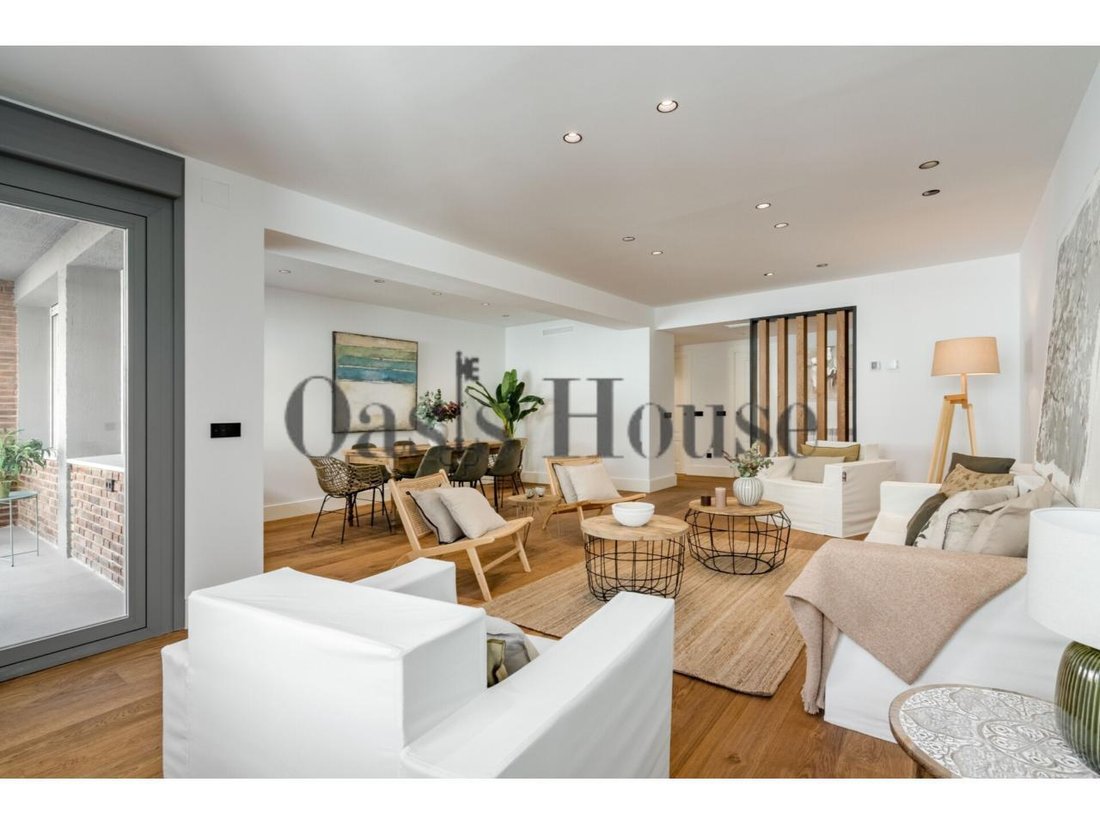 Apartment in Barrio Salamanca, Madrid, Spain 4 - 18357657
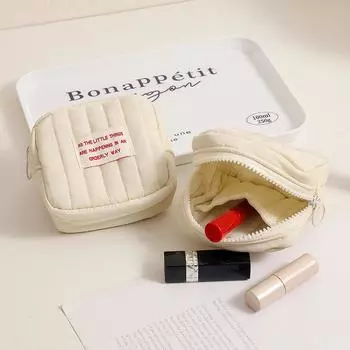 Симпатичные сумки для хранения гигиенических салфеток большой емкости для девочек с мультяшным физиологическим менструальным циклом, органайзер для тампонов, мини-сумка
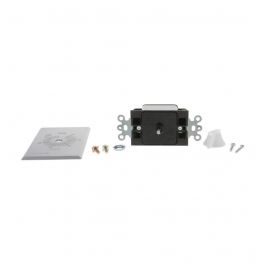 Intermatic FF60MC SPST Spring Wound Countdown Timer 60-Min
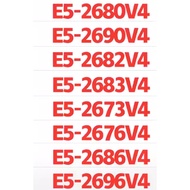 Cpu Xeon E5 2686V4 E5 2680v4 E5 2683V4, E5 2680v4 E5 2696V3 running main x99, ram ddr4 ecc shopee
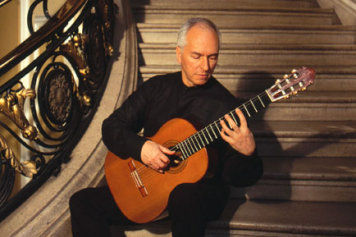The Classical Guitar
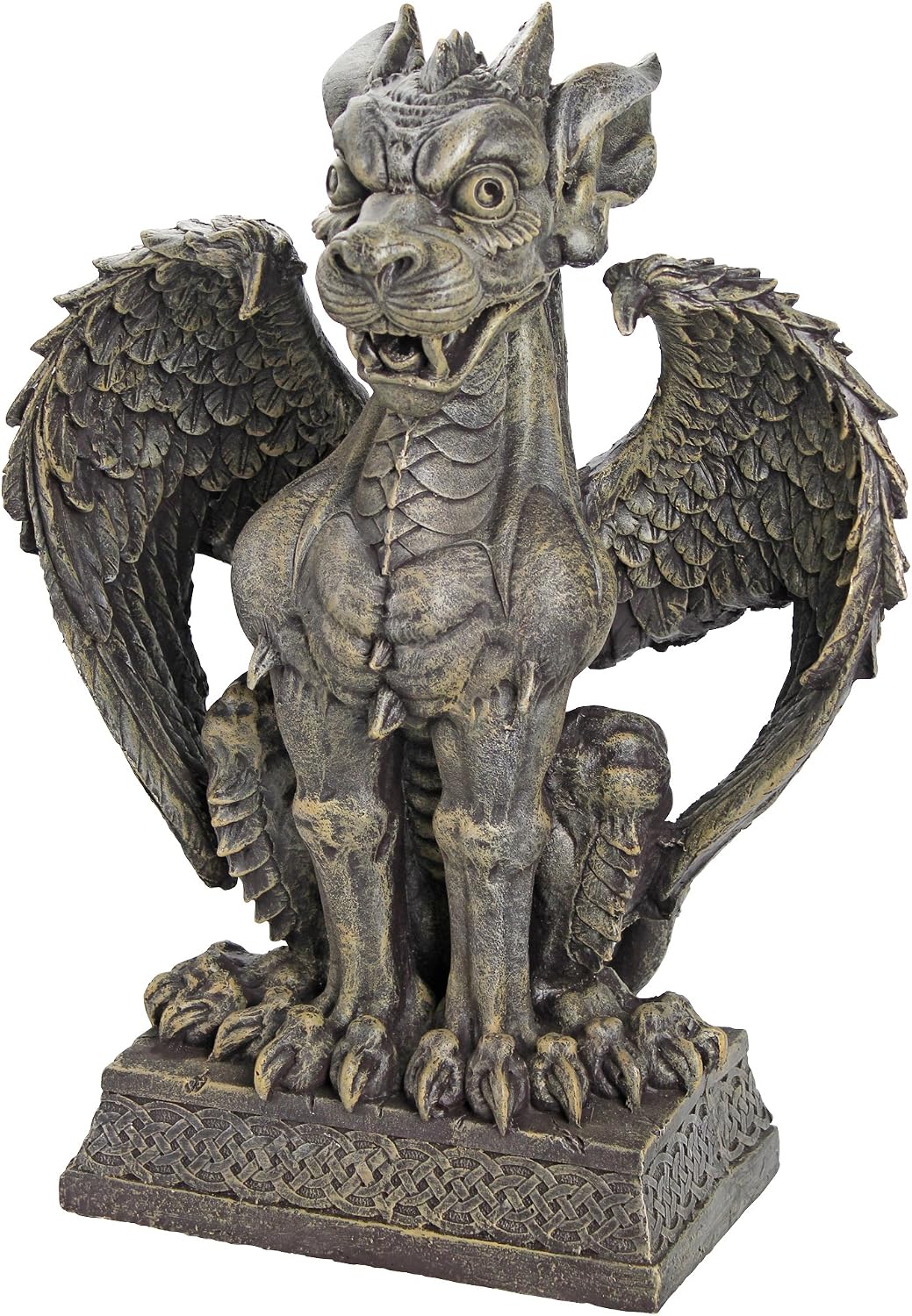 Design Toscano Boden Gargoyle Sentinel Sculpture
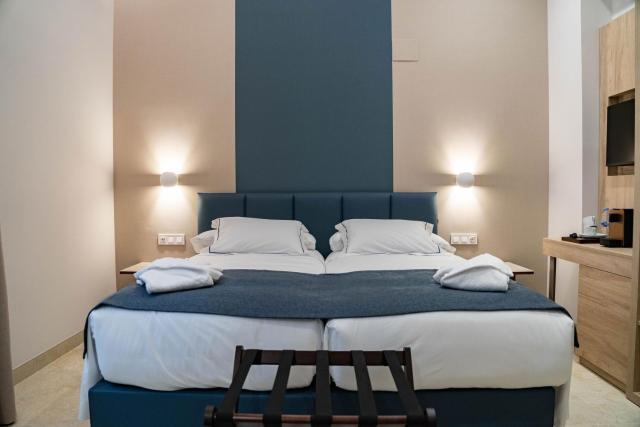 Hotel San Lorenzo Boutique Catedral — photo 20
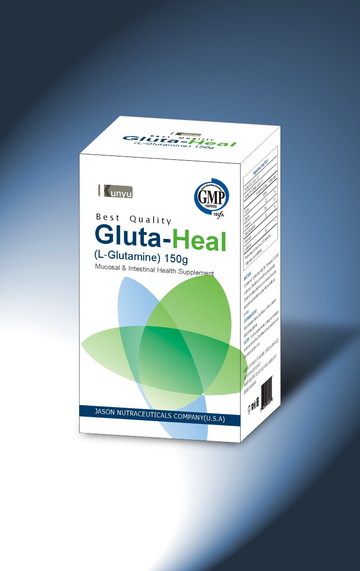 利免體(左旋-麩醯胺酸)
━━━━━━━━━━━━━━━━
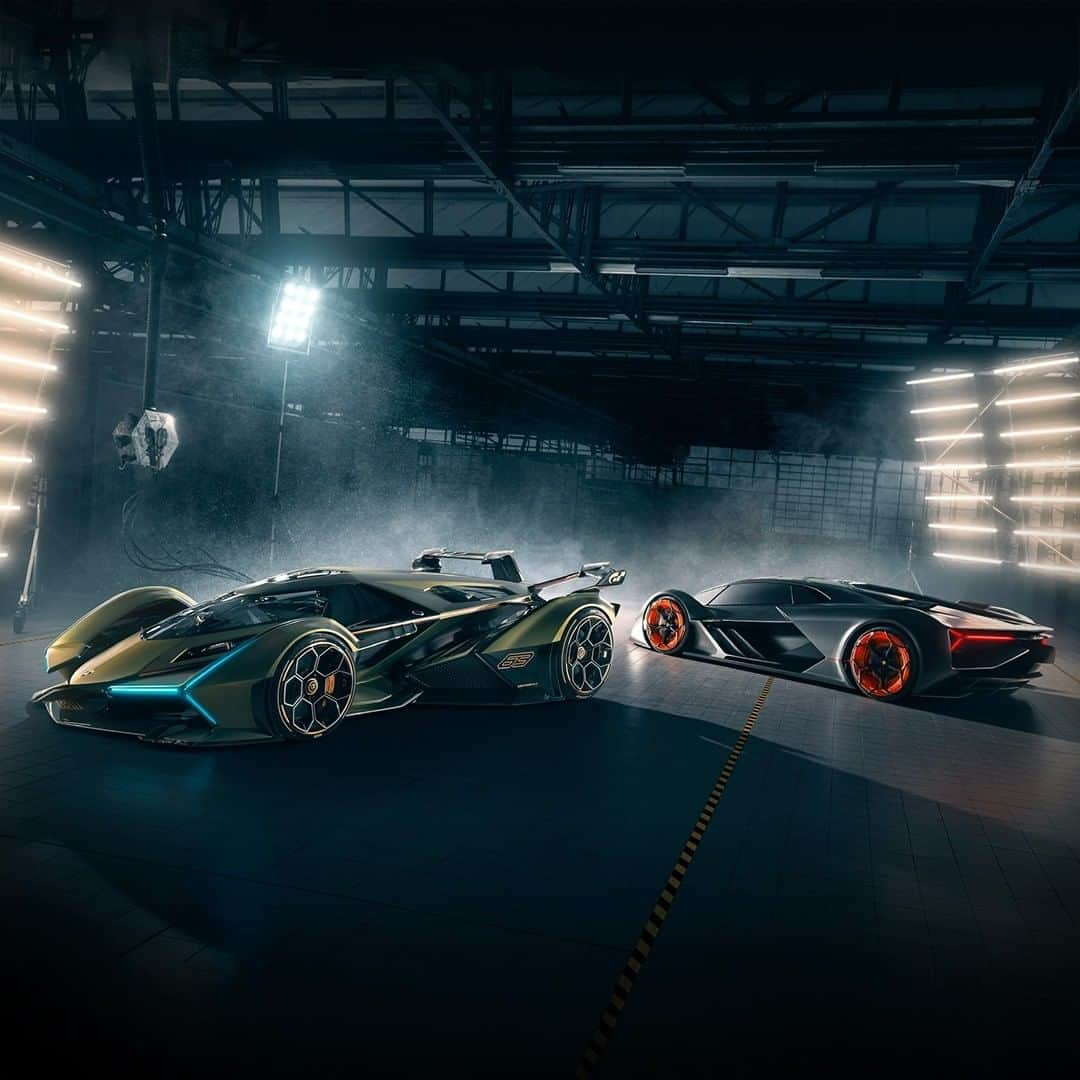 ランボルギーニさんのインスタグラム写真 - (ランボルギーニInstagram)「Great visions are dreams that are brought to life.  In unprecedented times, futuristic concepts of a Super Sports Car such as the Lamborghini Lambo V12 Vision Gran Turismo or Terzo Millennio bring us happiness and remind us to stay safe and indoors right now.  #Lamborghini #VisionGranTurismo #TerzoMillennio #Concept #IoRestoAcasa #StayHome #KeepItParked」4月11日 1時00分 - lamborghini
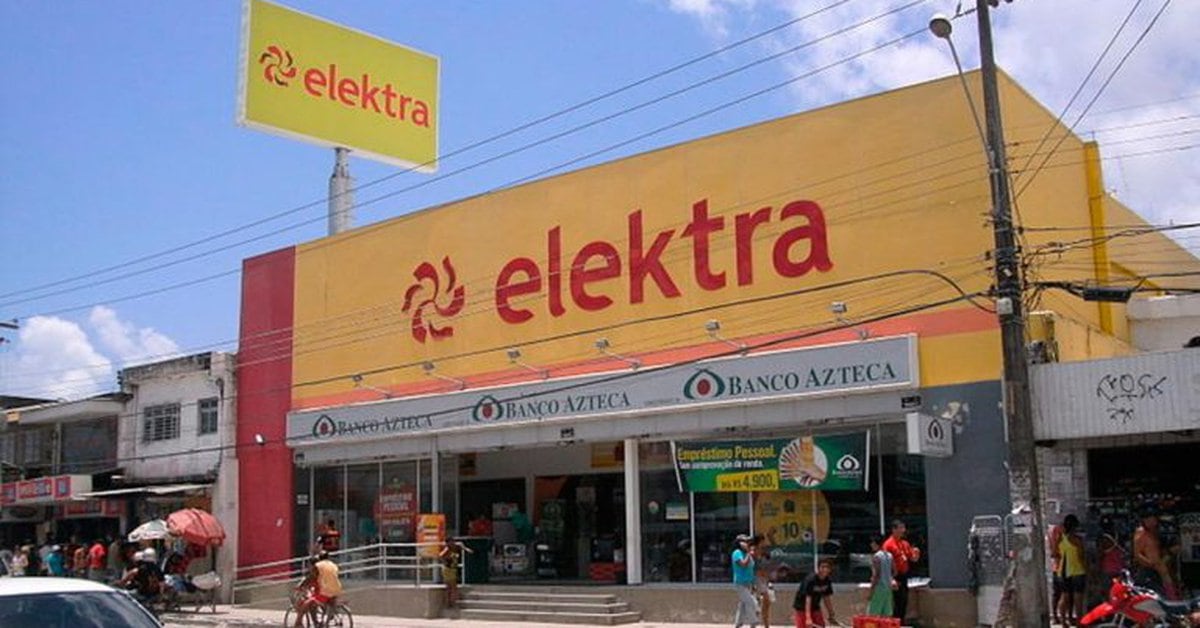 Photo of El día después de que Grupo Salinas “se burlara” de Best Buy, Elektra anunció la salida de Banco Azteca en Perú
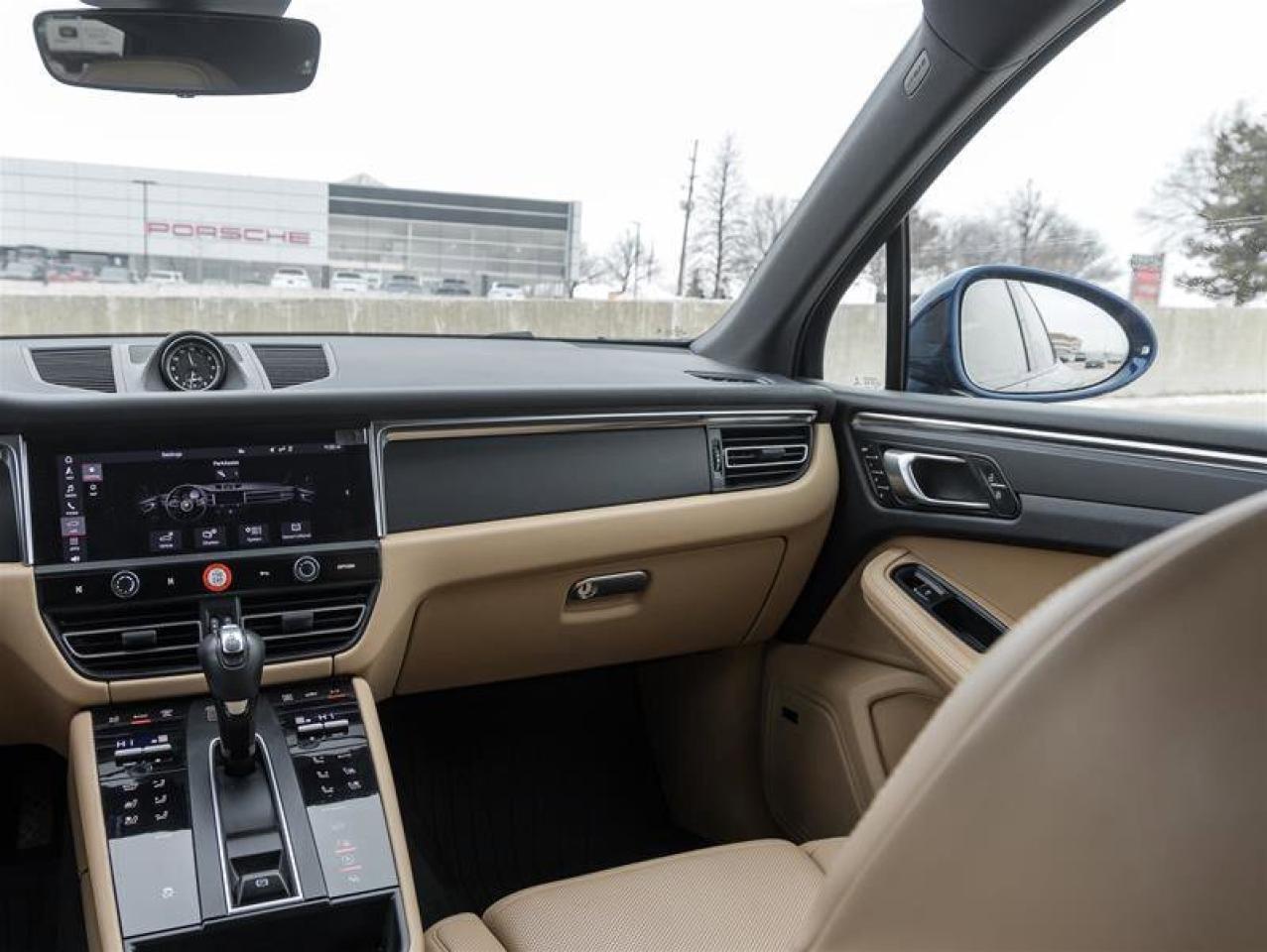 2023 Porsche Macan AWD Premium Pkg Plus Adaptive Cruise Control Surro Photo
━━━━━━━━━━━━━━━━
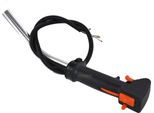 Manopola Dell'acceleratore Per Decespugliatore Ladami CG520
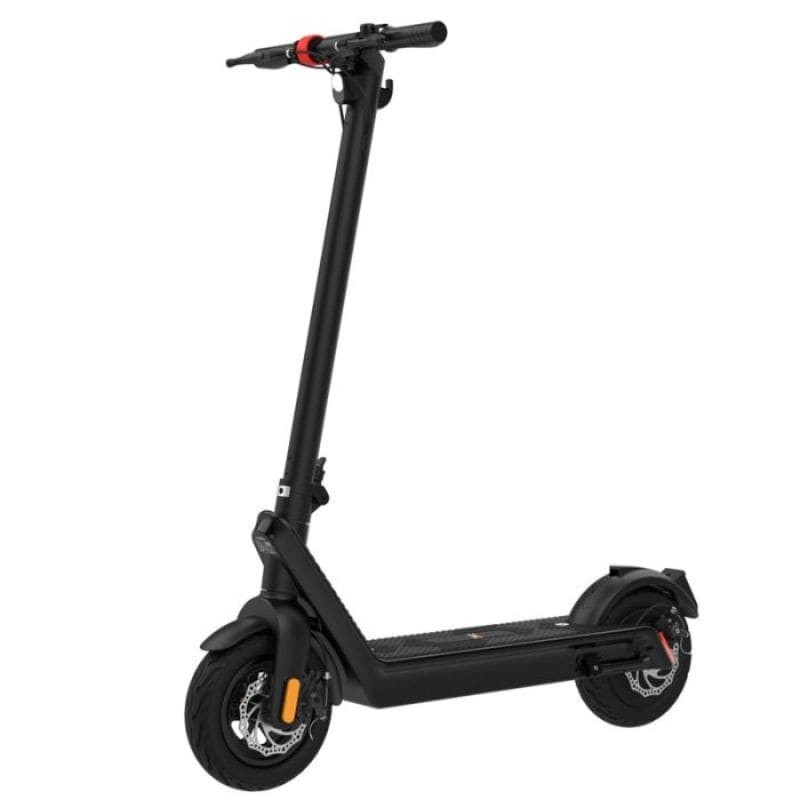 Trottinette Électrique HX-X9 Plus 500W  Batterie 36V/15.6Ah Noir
━━━━━━━━━━━━━━━━
Using the entries above, write out exactly the lines from the one with "Apartment in Barrio" through the one with "利免體(左旋-麩醯胺酸)", ends included. Leave out any pictures.

 Apartment in Barrio Salamanca, Madrid, Spain 4 - 18357657
 Симпатичные сумки для хранения гигиенических салфеток большой емкости для девочек с мультяшным физиологическим менструальным циклом, органайзер для тампонов, мини-сумка
 Intermatic FF60MC SPST Spring Wound Countdown Timer 60-Min
 Cpu Xeon E5 2686V4 E5 2680v4 E5 2683V4, E5 2680v4 E5 2696V3 running main x99, ram ddr4 ecc shopee
The Classical Guitar
 Design Toscano Boden Gargoyle Sentinel Sculpture
 Hotel San Lorenzo Boutique Catedral — photo 20
 利免體(左旋-麩醯胺酸)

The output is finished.